What does this PR do?

This PR adds an inpainting pipeline for Z-Image. The summary of changes are below:

  • Implemented the ZImageInpaintPipeline class for mask-based inpainting
  • Updated the pipeline structure to include ZImageInpaintPipeline alongside ZImagePipeline and ZImageImg2ImgPipeline
  • Mapped the new ZImageInpaintPipeline in AUTO_INPAINT_PIPELINES_MAPPING
  • Added unit tests for ZImageInpaintPipeline with torch.empty fix for test stability
  • Updated dummy objects to include ZImageInpaintPipeline
  • Added documentation with usage example

Closes issue #12752

Tested using a simple script:

Testing script
  #!/usr/bin/env python
  """Test script for ZImage inpaint support."""

  import sys
  sys.path.insert(0, '/home/ohiom/diffusers/src')

  import torch
  import numpy as np
  from PIL import Image
  from diffusers import ZImageInpaintPipeline

  # Paths
  MODEL_PATH =
  "database/models/huggingface/models--Tongyi-MAI--Z-Image-Turbo/snapshots/78771b7e11b922c868dd766476bda1f4fc6bfc96"
  INPUT_IMAGE_PATH = "death_remix_1024.png"
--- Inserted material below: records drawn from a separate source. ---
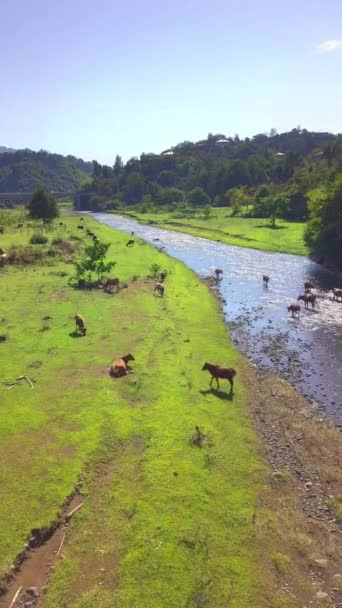 Вид с воздуха на стадо коров на зеленом лугу рядом с рекой. — стоковое видео
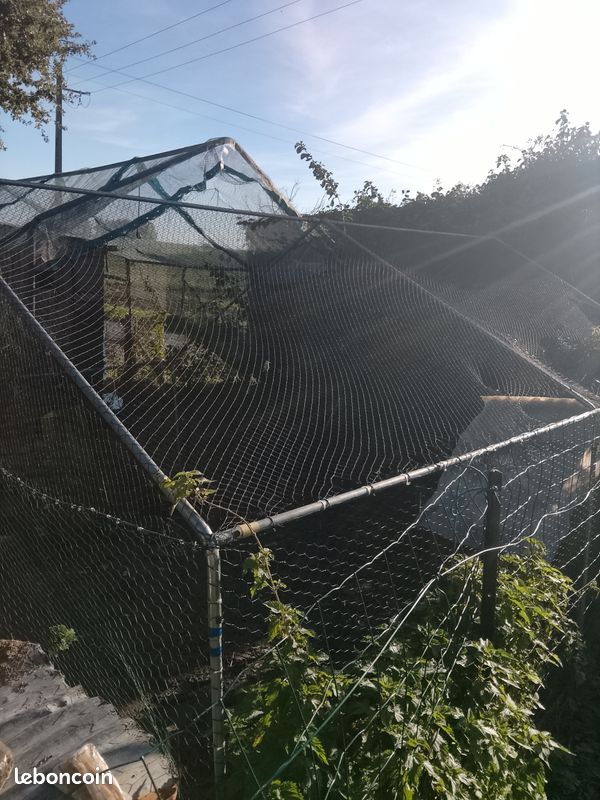 Enclos a poule (image 1)
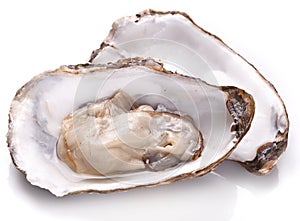 Raw oyster.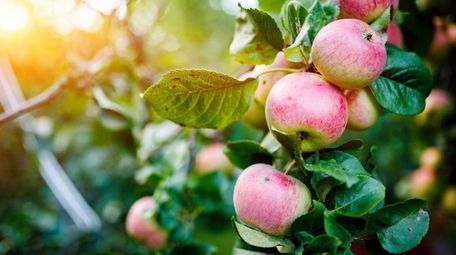 Apple tree blossoms in the fall.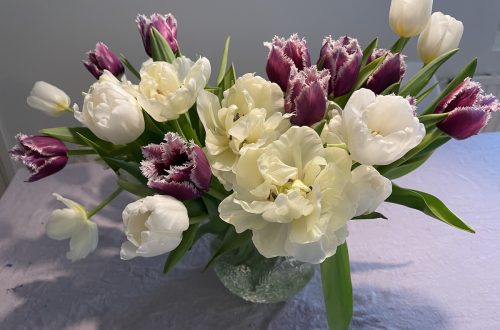 tulppaanien säilytys jääkaapissa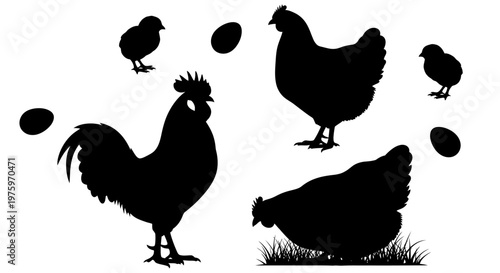 Various Chicken Family Silhouettes Rooster, Hen, Chicks, and Eggs Farm Concepts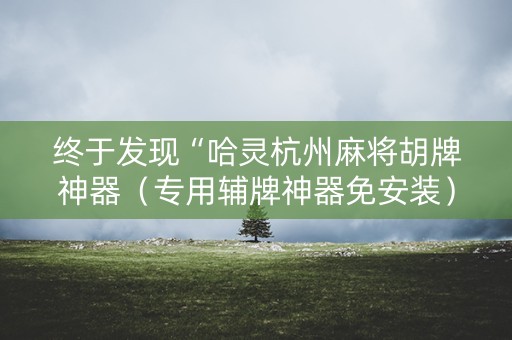 终于发现“哈灵杭州麻将胡牌神器（专用辅牌神器免安装）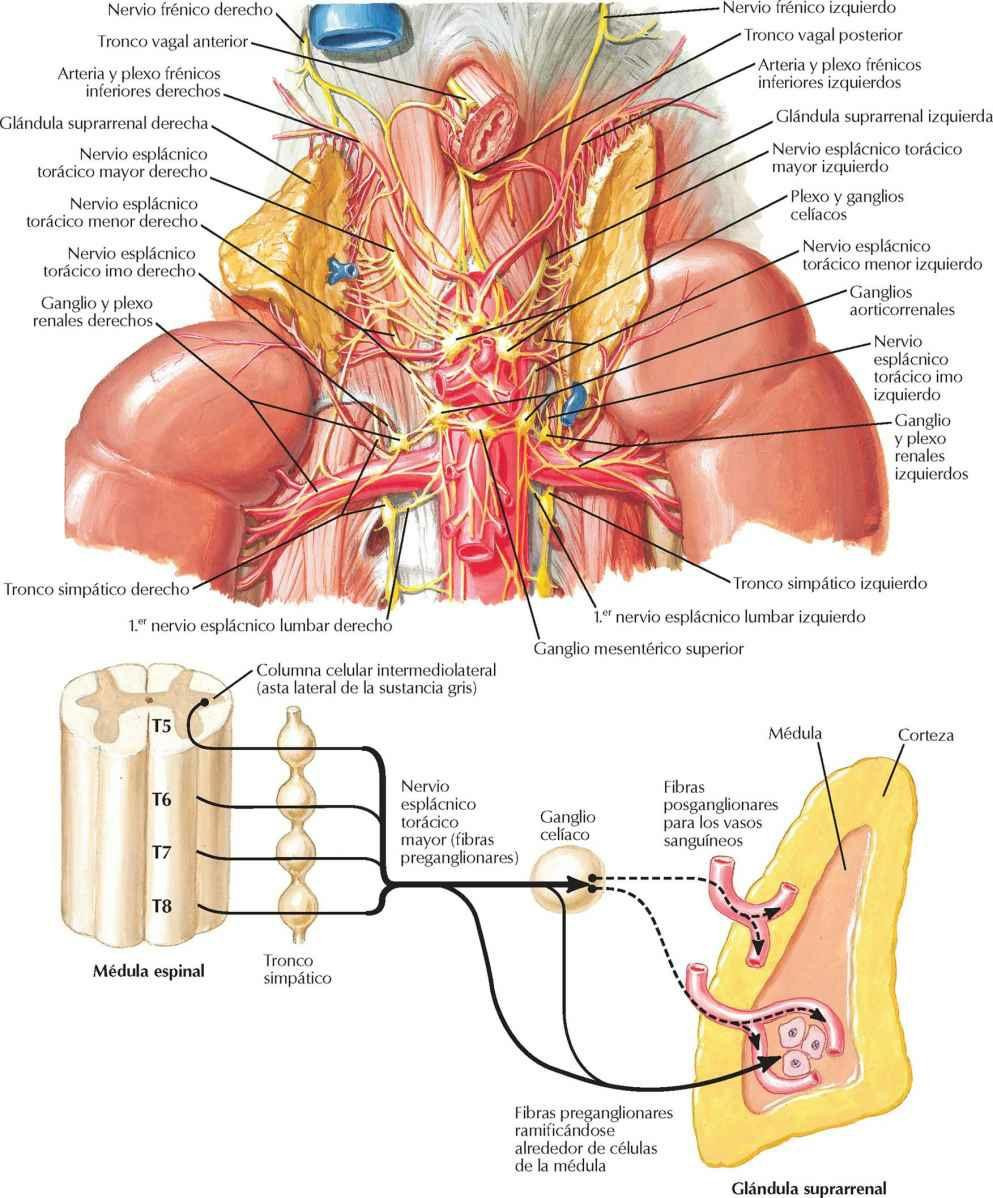 Nervios autónomos de las glándulas suprarrenales: disección y esquema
  print("Loading ZImageInpaintPipeline...")
  pipe = ZImageInpaintPipeline.from_pretrained(
      MODEL_PATH,
      torch_dtype=torch.bfloat16,
      local_files_only=True,
  )
  pipe.to("cuda")
  print("Pipeline loaded.")

  # Load input image
  print(f"\nLoading input image from {INPUT_IMAGE_PATH}...")
  input_image = Image.open(INPUT_IMAGE_PATH).convert("RGB")
  print(f"Input image size: {input_image.size}")

  # Create a mask (white = inpaint, black = preserve)
  width, height = input_image.size
  mask = np.zeros((height, width), dtype=np.uint8)
  h_start, h_end = height // 4, 3 * height // 4
  w_start, w_end = width // 4, 3 * width // 4
  mask[h_start:h_end, w_start:w_end] = 255
  mask_image = Image.fromarray(mask)

  # Generate an inpainted image
  prompt = "a woman with pale skin in a black shirt, oil painting style"
  strength = 0.75

  print(f"\nGenerating inpainted image with prompt: {prompt}")
  print(f"Strength: {strength}")

  image = pipe(
      prompt=prompt,
      image=input_image,
      mask_image=mask_image,
      strength=strength,
      num_inference_steps=8,
      guidance_scale=1.0,
      generator=torch.Generator(device="cuda").manual_seed(42),
  ).images[0]

  output_path = "test_zimage_inpaint_output.png"
  image.save(output_path)
  print(f"\nImage saved to {output_path}")

LoRA functionality is also supported (inherited from ZImageLoraLoaderMixin).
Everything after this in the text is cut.